--- About this exercise ---
Repeat only the lines below that run from the line with "Bộ lọc từ tính" to the line with "ماشین اصلاح پاناسونیک مدل PANASONIC PH-1880", ends included; skip every picture.

[Short web captions]
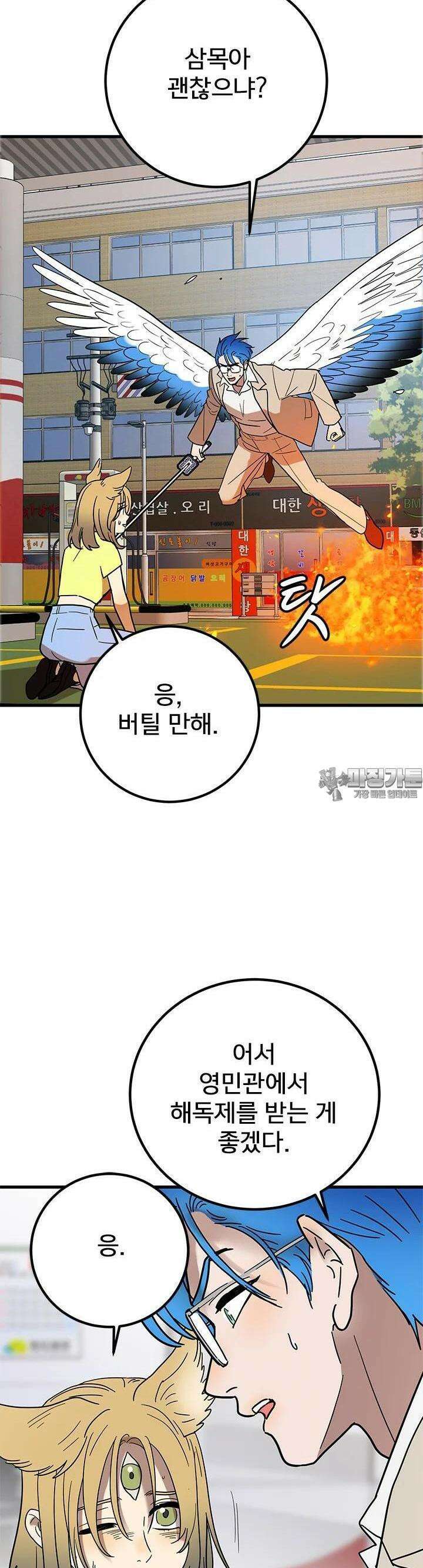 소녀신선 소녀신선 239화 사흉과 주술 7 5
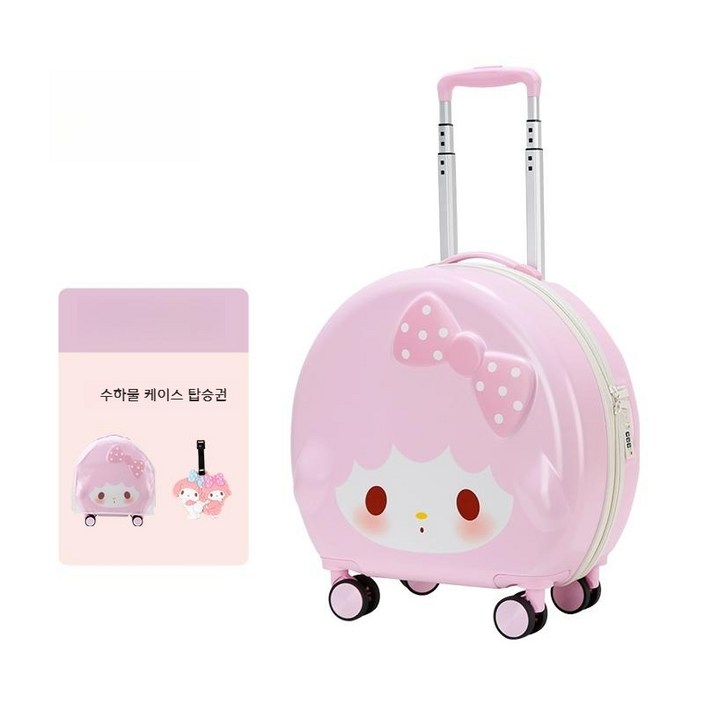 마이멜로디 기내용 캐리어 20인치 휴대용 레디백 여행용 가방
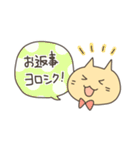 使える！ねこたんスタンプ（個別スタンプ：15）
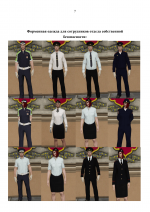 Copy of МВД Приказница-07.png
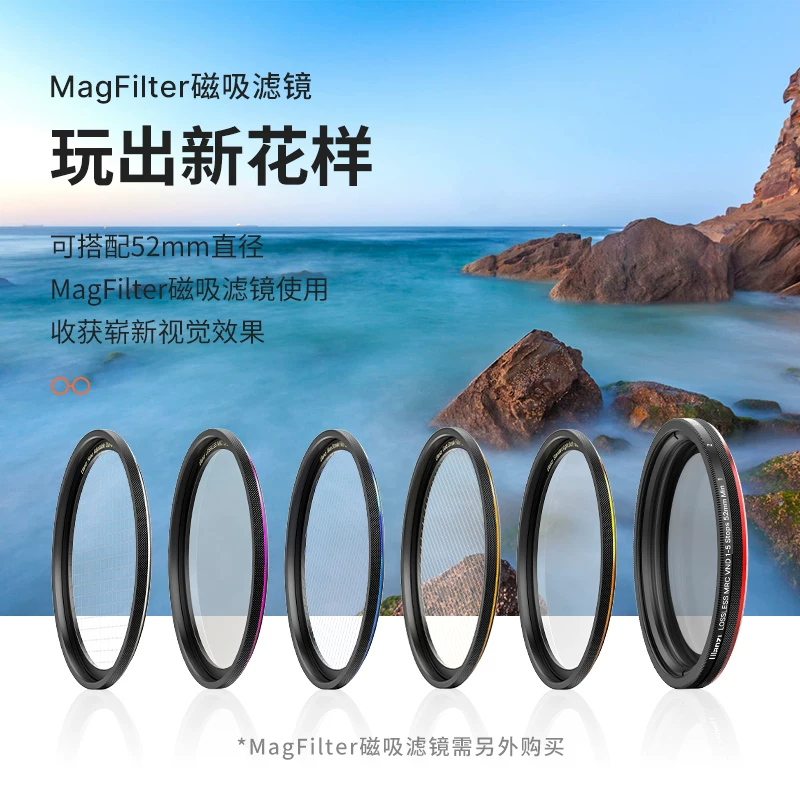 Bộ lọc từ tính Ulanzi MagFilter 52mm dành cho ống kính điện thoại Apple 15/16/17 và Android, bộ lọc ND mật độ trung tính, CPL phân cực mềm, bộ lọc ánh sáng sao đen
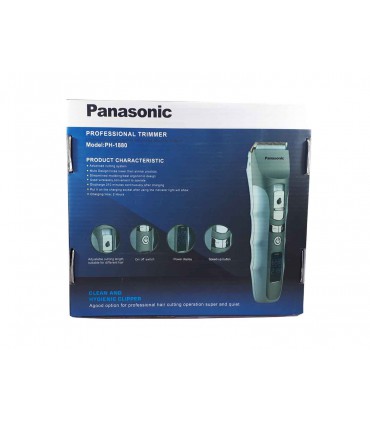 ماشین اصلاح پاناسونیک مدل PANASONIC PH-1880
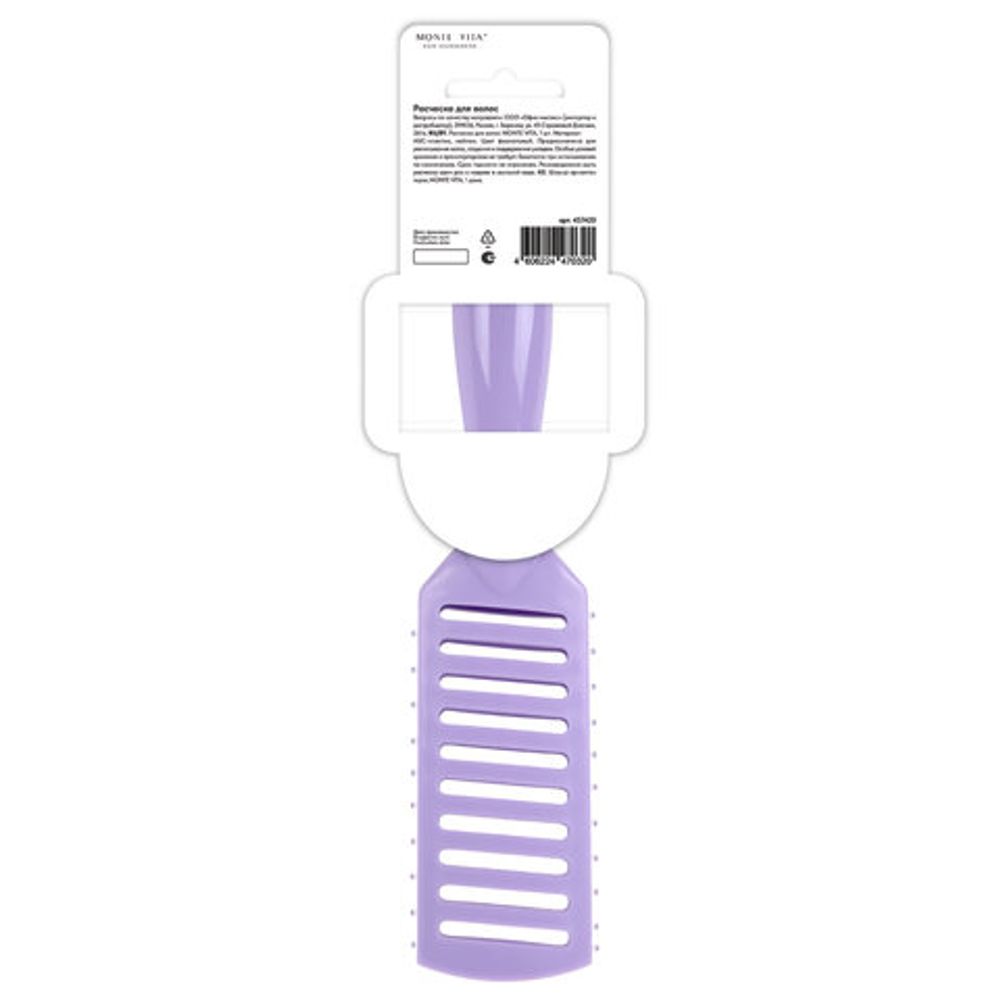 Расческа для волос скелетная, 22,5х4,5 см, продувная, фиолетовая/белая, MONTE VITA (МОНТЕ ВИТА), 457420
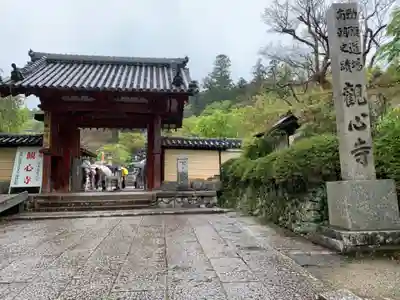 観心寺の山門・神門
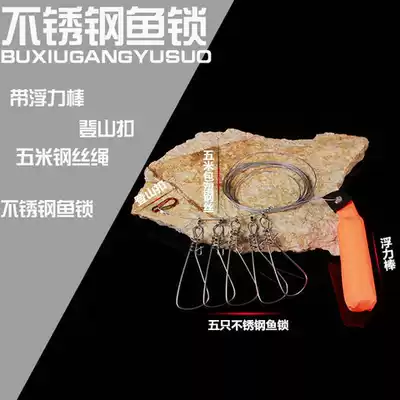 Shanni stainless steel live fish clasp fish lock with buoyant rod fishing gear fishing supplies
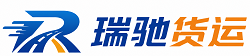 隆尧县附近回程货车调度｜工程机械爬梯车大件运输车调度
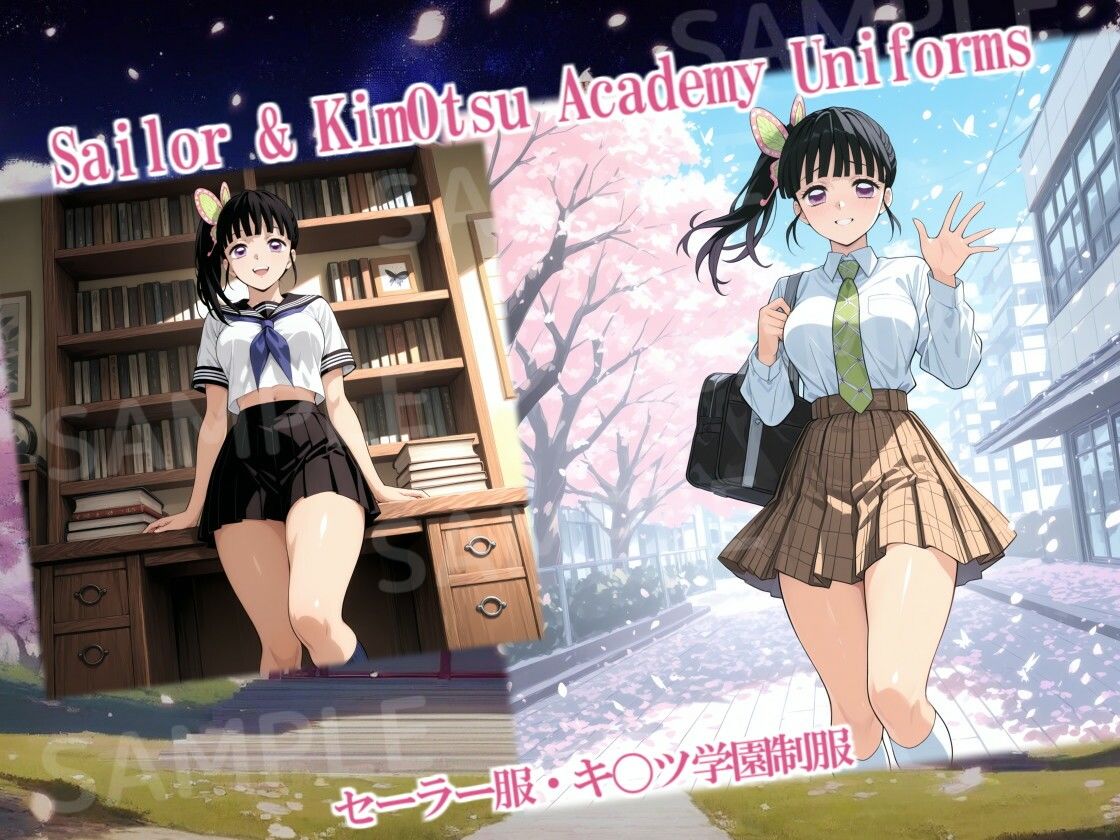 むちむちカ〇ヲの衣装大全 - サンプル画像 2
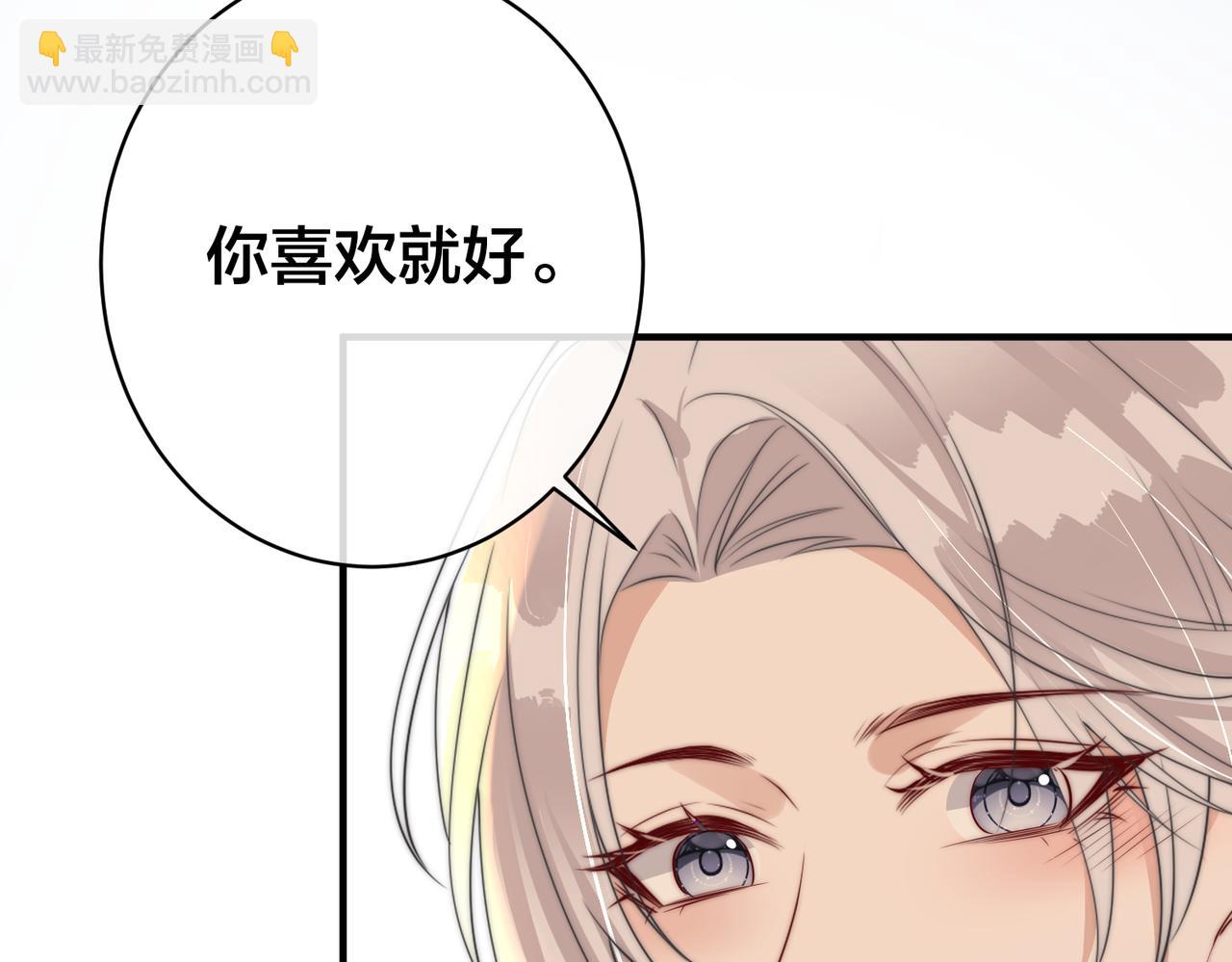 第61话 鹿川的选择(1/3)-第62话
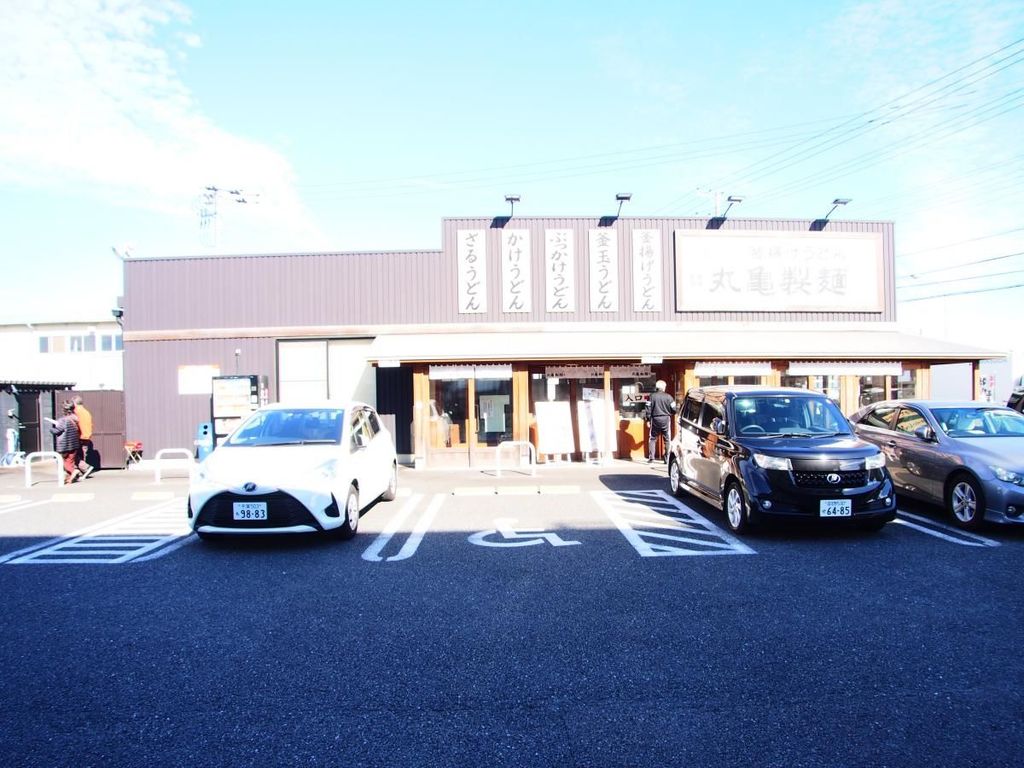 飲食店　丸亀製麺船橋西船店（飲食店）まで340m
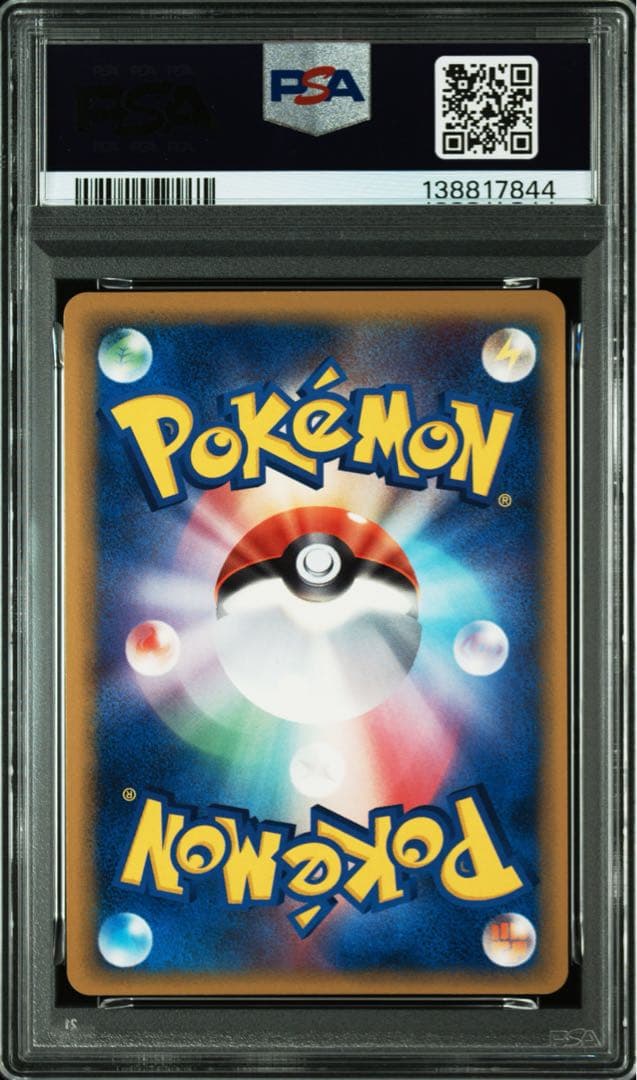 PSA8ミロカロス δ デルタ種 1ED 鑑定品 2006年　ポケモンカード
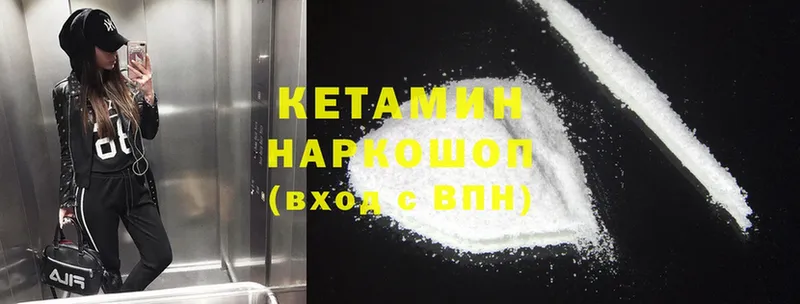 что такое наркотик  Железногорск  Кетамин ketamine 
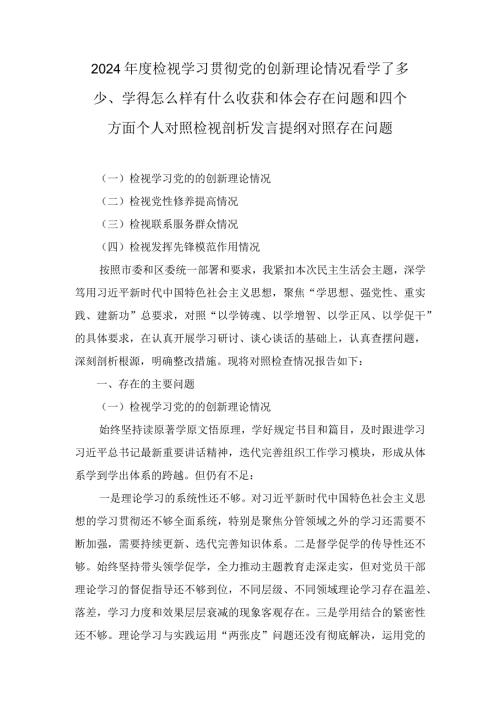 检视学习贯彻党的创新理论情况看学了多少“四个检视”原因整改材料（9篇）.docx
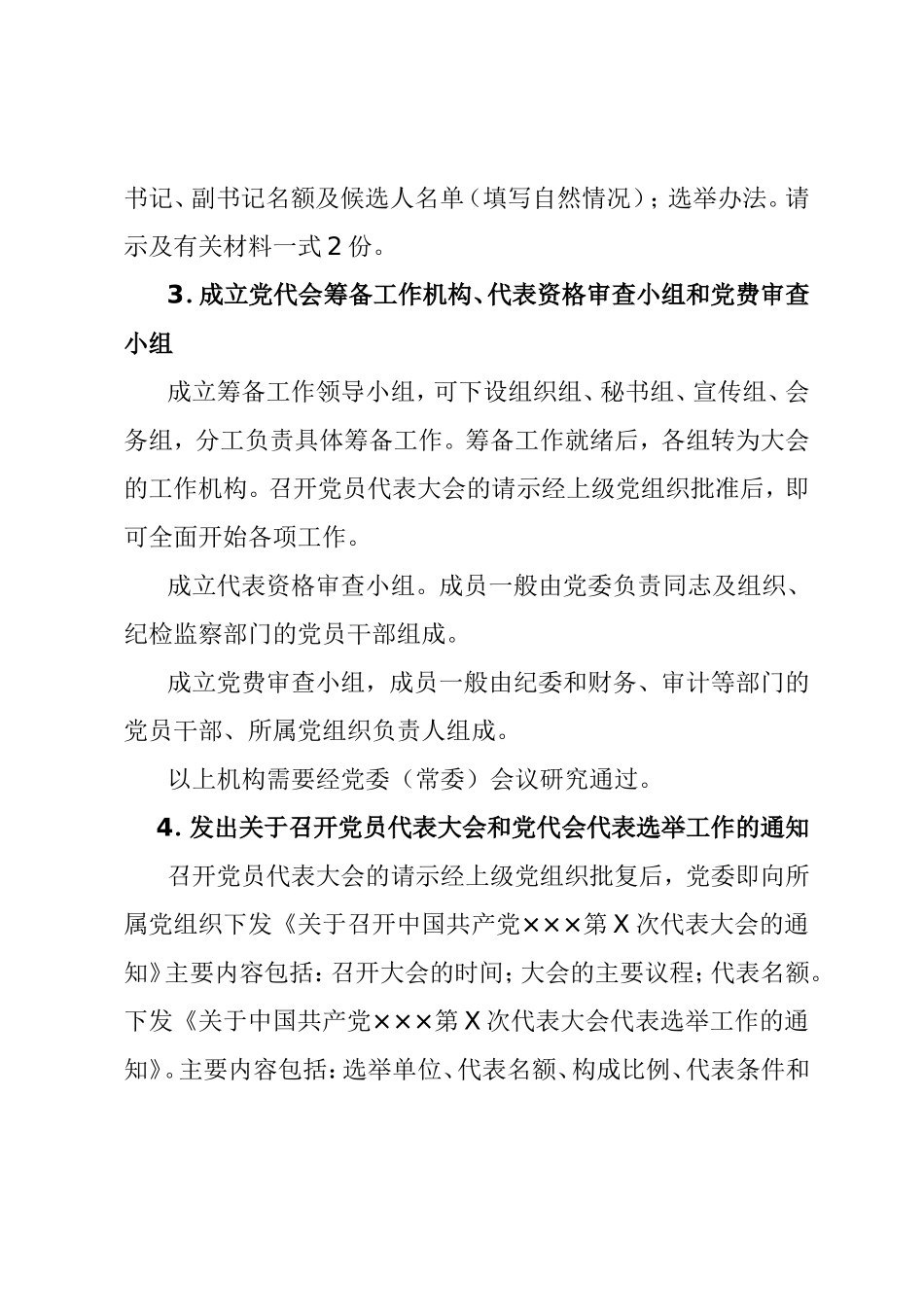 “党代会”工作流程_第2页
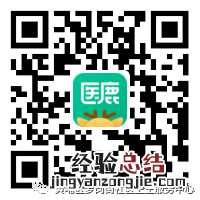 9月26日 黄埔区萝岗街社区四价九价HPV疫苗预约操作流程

--- Problem solution ---
 Bộ lọc từ tính Ulanzi MagFilter 52mm dành cho ống kính điện thoại Apple 15/16/17 và Android, bộ lọc ND mật độ trung tính, CPL phân cực mềm, bộ lọc ánh sáng sao đen
 ماشین اصلاح پاناسونیک مدل PANASONIC PH-1880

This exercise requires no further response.